RD: It's funny that we're chatting about this now, because I did not build my firm thinking that I would be the wealth transfer recipient. But that is what happened.
So, when I built my firm, I started working with millennials. We were the youngest working generation at that time, and now we have Gen Z and now, Generation Alpha, right? And then it was millennials, Gen Xers, the baby boomers and the Silent Generation. Well, the Silent Generation is passing away and passing on their wealth to Gen X and millennials.
Because I grew up with millennials and millennials are my clients, I am helping my clients receive that wealth transfer. So I am seeing firsthand the wealth transfer actually happening. There has always been a conversation of, how do we kind of reach down to the next generation and talk to them, you make them your clients, you know that a lot of wealth management firms right now are focusing on retirees and preretirees, which, from a business model perspective, I totally get it.

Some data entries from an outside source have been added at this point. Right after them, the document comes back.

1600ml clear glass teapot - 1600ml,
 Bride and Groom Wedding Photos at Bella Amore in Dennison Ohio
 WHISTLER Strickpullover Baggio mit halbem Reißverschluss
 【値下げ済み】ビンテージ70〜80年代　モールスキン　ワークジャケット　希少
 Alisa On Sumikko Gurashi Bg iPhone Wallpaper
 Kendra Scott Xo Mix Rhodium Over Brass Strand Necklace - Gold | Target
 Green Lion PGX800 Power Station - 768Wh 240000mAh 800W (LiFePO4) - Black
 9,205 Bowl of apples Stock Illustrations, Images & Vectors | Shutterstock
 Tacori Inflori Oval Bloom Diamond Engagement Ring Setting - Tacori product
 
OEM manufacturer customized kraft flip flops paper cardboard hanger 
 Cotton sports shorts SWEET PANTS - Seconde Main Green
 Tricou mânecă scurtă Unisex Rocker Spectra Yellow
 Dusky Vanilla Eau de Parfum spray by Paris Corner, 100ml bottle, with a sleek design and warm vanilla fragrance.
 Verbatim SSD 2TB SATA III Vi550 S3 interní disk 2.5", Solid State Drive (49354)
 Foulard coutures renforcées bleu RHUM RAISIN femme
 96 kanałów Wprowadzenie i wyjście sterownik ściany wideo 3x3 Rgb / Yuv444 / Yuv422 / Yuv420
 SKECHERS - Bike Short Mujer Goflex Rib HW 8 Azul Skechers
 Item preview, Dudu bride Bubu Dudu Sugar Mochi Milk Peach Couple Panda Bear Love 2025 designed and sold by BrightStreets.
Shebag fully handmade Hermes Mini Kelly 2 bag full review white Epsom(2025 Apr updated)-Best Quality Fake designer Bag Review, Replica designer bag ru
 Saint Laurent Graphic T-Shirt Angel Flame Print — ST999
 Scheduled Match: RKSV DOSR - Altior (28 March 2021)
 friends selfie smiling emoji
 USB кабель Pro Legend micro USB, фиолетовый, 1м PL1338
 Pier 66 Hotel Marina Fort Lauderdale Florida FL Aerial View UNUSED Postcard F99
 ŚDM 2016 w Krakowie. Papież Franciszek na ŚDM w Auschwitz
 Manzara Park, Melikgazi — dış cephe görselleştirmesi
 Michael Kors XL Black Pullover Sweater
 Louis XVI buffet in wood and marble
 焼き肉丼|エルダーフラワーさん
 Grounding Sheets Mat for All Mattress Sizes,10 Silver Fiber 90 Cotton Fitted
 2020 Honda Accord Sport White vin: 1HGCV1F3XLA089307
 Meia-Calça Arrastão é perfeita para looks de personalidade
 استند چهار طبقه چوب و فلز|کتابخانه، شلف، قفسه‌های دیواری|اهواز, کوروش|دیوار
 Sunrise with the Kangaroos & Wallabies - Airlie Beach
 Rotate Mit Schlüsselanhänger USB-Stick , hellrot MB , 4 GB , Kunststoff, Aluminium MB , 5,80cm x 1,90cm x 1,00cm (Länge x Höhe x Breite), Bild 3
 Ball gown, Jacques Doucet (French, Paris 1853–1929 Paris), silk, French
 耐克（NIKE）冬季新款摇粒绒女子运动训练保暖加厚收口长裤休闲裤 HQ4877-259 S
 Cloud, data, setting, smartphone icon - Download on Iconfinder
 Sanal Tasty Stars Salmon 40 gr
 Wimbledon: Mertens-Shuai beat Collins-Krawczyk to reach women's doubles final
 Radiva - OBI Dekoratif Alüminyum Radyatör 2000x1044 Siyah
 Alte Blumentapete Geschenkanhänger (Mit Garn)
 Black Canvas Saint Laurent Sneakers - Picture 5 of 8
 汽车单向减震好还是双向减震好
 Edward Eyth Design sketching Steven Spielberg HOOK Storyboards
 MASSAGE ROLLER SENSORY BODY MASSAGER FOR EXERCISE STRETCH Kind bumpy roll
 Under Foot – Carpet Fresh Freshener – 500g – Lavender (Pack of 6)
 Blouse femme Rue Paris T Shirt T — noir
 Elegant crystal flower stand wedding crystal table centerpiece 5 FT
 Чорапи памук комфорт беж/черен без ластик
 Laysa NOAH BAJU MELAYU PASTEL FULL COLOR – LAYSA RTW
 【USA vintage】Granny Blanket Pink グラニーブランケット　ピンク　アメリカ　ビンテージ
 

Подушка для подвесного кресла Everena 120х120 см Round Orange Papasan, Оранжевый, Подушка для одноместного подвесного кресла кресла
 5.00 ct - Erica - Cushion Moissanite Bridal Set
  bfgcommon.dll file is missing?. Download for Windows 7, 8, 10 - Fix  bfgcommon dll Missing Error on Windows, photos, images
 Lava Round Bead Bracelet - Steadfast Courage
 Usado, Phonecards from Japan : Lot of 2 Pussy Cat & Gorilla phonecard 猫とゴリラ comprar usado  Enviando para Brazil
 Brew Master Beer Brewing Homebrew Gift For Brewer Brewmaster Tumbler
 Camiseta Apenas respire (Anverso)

I'll say firsthand, working with millennials — the elder millennials, as we are now — it's a lot of work. We have a lot of transition happening, we are expanding our family, we're getting married. There's divorces happening, there's purchases happening from homes to businesses. There's still a lot of moving parts versus the preretirees and retirees. They're at the end of their career, they're thinking about, when's my next vacation? When's my next golf trip? So it's not that much going on, but they will pass away, and when they pass away, it's going to their heirs, and you have not had a conversation with their heirs, right? Their heirs, their beneficiaries already have financial advisors, and, if they're anything like me, they're really great financial advisors, and there's no way that you're going to be able to take any of my clients away once that wealth transfer happens, because we have a solid foundation.
Also, what's happening is parents of my elder millennial clients are becoming my clients. The reason that's happening is because they're either the only child or they're the eldest daughter, and they know once their parents pass away, they're going to have to figure it all out by themselves.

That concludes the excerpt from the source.